Why does small angle approximation work for Young's double slit and not for single/multiple slits? I understand that for a double slit experiment the equation is $\lambda=xd/L$, which has come from the small angle approximation of $d\sin\theta = n\lambda$ by assuming that $\sin\theta = (x/L)$ and therefore can be subbed in. I don't get why this doesn't work for both single slit diffraction and especially multiple slit diffraction. Can anyone explain?
 A: It's not because of the multiple slits in the grating, but because the slits are much closer together than Young's slits. This means that for the grating the non-zero-order constructive interference 'fringes' are at much greater angles, $\theta$, to the normal than for Young's fringes.
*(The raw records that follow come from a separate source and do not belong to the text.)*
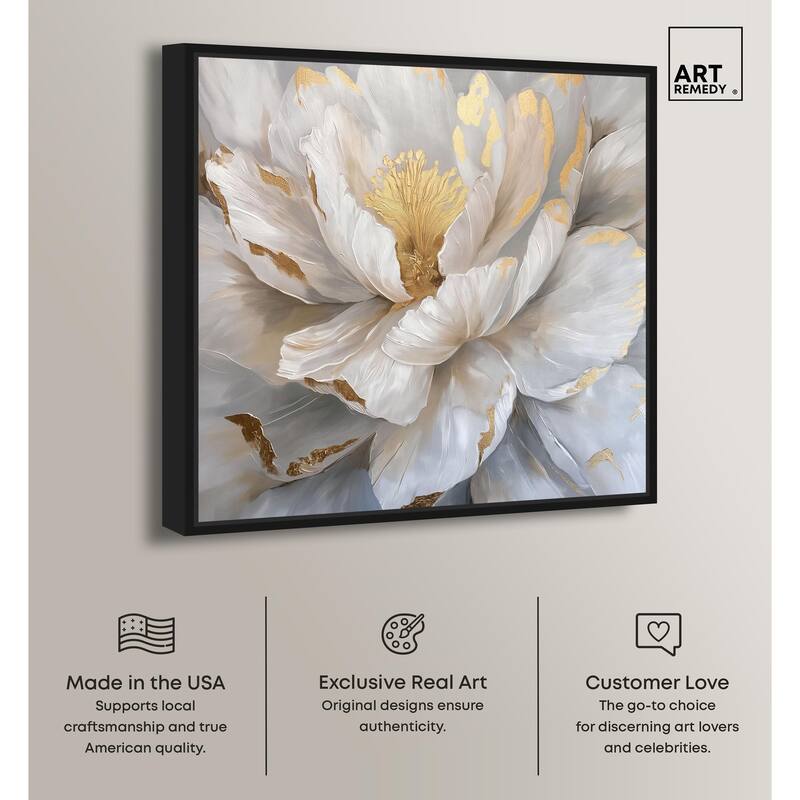 Golden Veins of Grace Canvas by Art Remedy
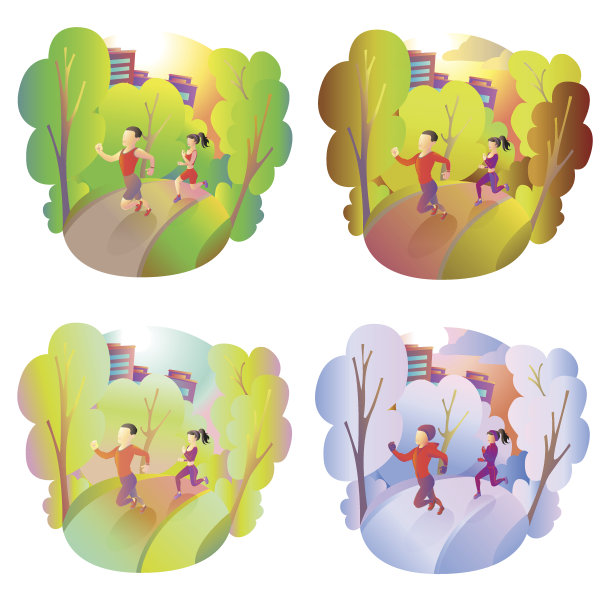 体育活动在自然界一年四季都有。运动员跑过图片下载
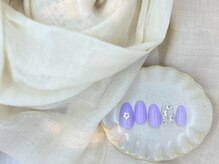 ツメトトノウ/¥7,300 ホロ花ネイル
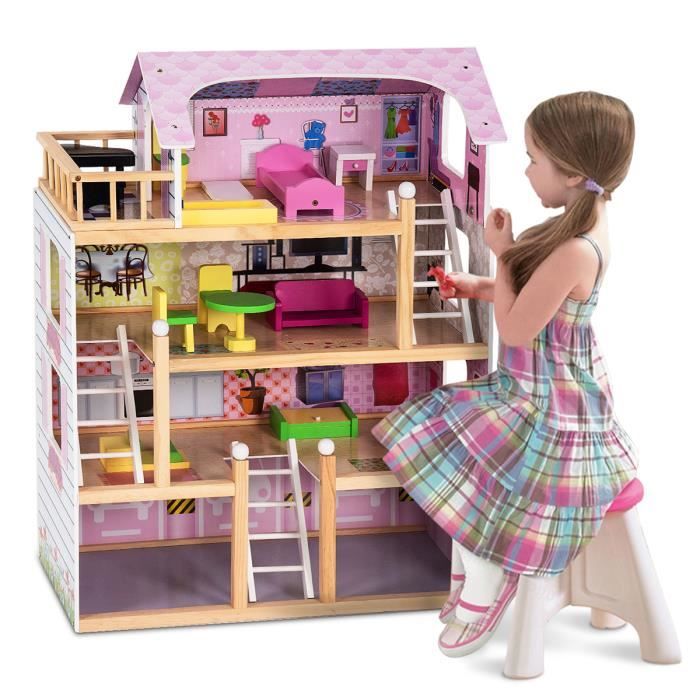 Grande maison barbie en bois deals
Whereas for Young's fringes the angles are small enough to use the approximation,
$$\sin \theta \approx \theta \approx \tan \theta=\frac xL,$$
for the grating the angles are too large for the approximation to be applicable.
A: To add some numbers to @PhilipWood's correct answer, a typical diffraction grating has around 250 lines per mm. In other words, the distance between the "slits" is $d=0.004$ mm $= 4\times 10^{-6}$m.
Suppose you were doing an experiment with a green laser ($\lambda \approx 500$ nm = $5 \times 10^{-7}$ m). The grating equation tells us that the maxima appear at $$\sin{\theta} = \frac{n \lambda}{d} = 0.125\, n.$$
Plotting $\theta$ and $\sin{\theta}$ for different orders, we'd get a graph like the one below, and you should be able to see that for values of $n > 4$, the approximation stops being very faithful!

Another way to see this is to realise that if we could write
$$\sin \theta = \frac{x}{L},$$ then $x$ would never be greater than $L$. However, anyone who's actually done an experiment with a diffraction grating and a laser will be able to tell you that it's not very hard to have $x > L$ for large $n$.